Cette approche « Peer to Peer » en dehors d’un système centralisé comme SWIFT a exaspéré les USA qui ont demandé à toutes les banques de refuser tout ordre de transfert « papier », soit par simple fax ou mail, officiellement pour des raisons de sécurité, et ont directement attaqué les banques qui avaient osé travailler avec l’Iran. D’où les amendes record contre la BNP, HSBC ou la Standard Chartered.
La vengeance des États-Unis se comprend d’autant mieux que la NSA, leur service d’écoute massive, enregistrait depuis des années toutes les opérations passées par le réseau SWIFT, comme pour Google ou Facebook. Les documents remis par le transfuge Edward Snowden allaient dans ce sens et les services américains ont invoqué une simple mesure antiterroriste qui ne s’appliquait pas aux transactions privées. Les protestations de l’Union Européenne se sont vite étouffées et il est à parier que rien n’est changé dans cette pratique. L’attaque récente contre la FIFA au motif que des sommes en USD auraient des provenances douteuses nous en fournit une nouvelle preuve.
Par contre ce scandale de surveillance illégale pourrait explique pourquoi les dirigeants de SWIFT n’ont pas cette fois obéi aux demandes Américaines contre le système bancaire Russe suite au coup d’État d’Ukraine. Bien au contraire, au lieu de lui couper le réseau ils ont proposé en mars dernier une place d’administrateur à la Russie dont ils se méfient pourtant.
Mais clairement la Russie avait déjà préparé une solution de repli avec la Chine qui annonçait alors le lancement d’un réseau de communication concurrent à SWIFT.
Le bruit de la mise en place d’un tel système était déjà parvenu aux marchés fin 2014, mais n’était pas considéré comme sérieux, car bien trop limité en termes de flux internationaux. Et techniquement trop complexe.
Mais le Yuan représente déjà 9 % des transactions mondiales et fait partie des 5 devises les plus utilisées au monde.

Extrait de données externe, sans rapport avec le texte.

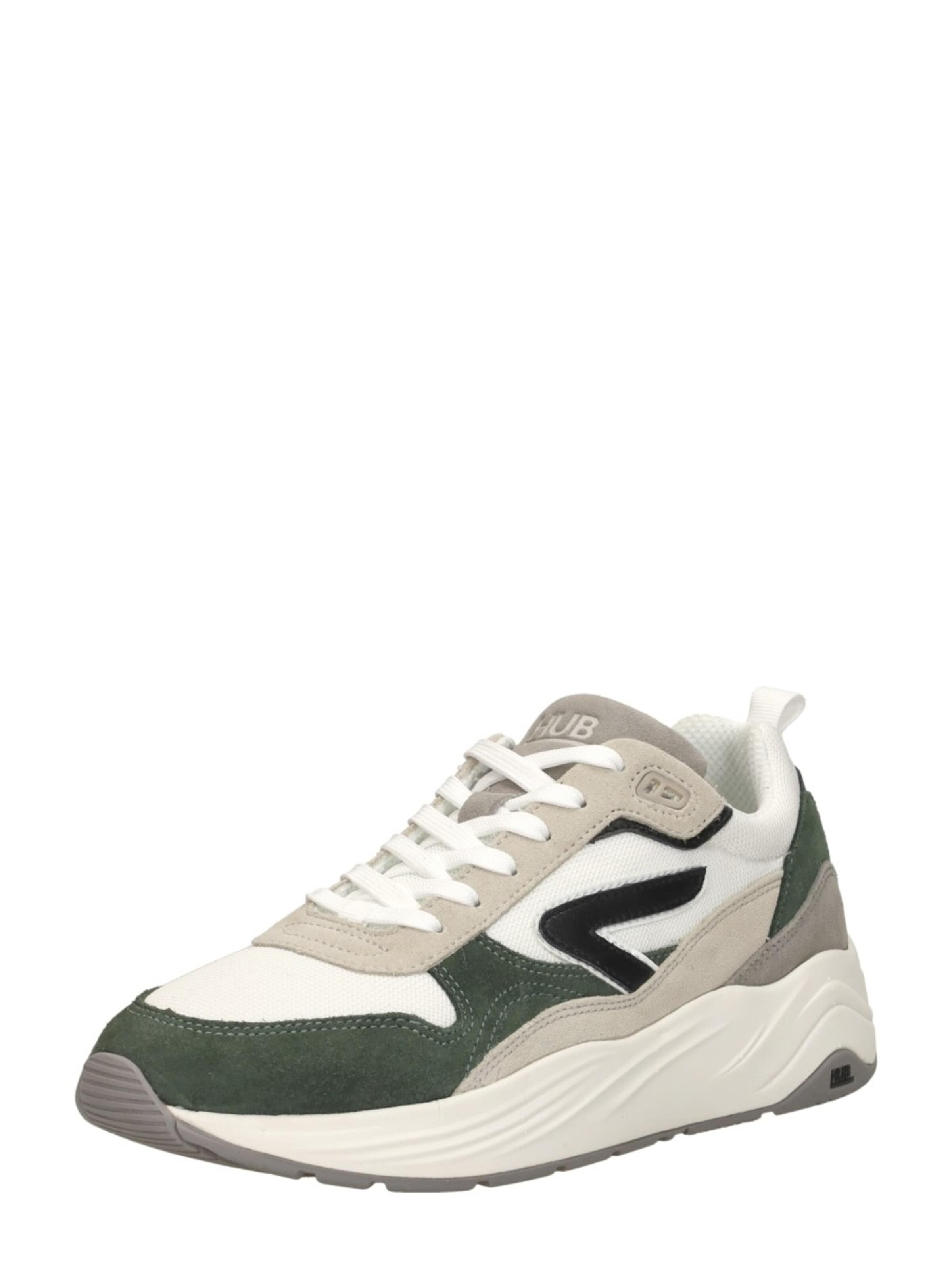 HUB Sneakers 'Glide S43' in Green: front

Si la Chine parvient à rallier autour de son système les autres BRICS – Brésil/Russie/Inde/Chine/Afrique du Sud – alors l’internationalisation du yuan sera une réalité et la monnaie chinoise trouvera en confrontation directe avec le dollar US.

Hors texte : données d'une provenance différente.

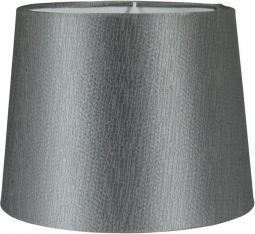 Sofia Lampskärm Sidenlook Glint grå 20cm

Et les moyens technologiques mis en place semblent sans mesure avec les estimations occidentales puisque les tests du CIPS sont en bonne voie et que la Chine pense pouvoir mettre son système en service dès septembre de cette année. La Russie est bien évidemment cliente, mais d’autres pays en dehors du cercle des émergents sont aussi très positifs face à cette initiative comme le Japon qui a déjà signé un accord « Yen/Yuan » en 2012 et de fait se dispense ainsi d’utiliser le dollar US.
Ce système va aussi aider les PME chinoises à accéder plus facilement aux marchés internationaux en leur évitant une très lourde charge administrative relative aux opérations de change.
La véritable question est de savoir quel est le plan à long terme de la Chine : Risquer des tensions avec les USA sur le terrain des devises n’est pas anodin, alors pour quel avantage au final alors que tous les voyants semblent au vert pour ce pays ?
Peut-être s’agit-il tout simplement de fierté nationale. ? La Chine est devenue la première puissance économique mondiale et comme elle le fait en renforçant sa puissance militaire et spatiale elle veut maintenant être reconnue comme une place forte financière.
Sur un plan plus terre à terre, un yuan reconnu internationalement permettrait de stabiliser les prix des matières premières utilisées par les usines chinoises qui sont encore achetées en USD.
Sans oublier que les entrepreneurs chinois pourront emprunter localement des devises à plus faible coût en ouvrant le marché des capitaux internationaux.
Mais ce qui est certain est que les autorités chinoises garderont le contrôle total de leur devise, et en particulier de sa parité.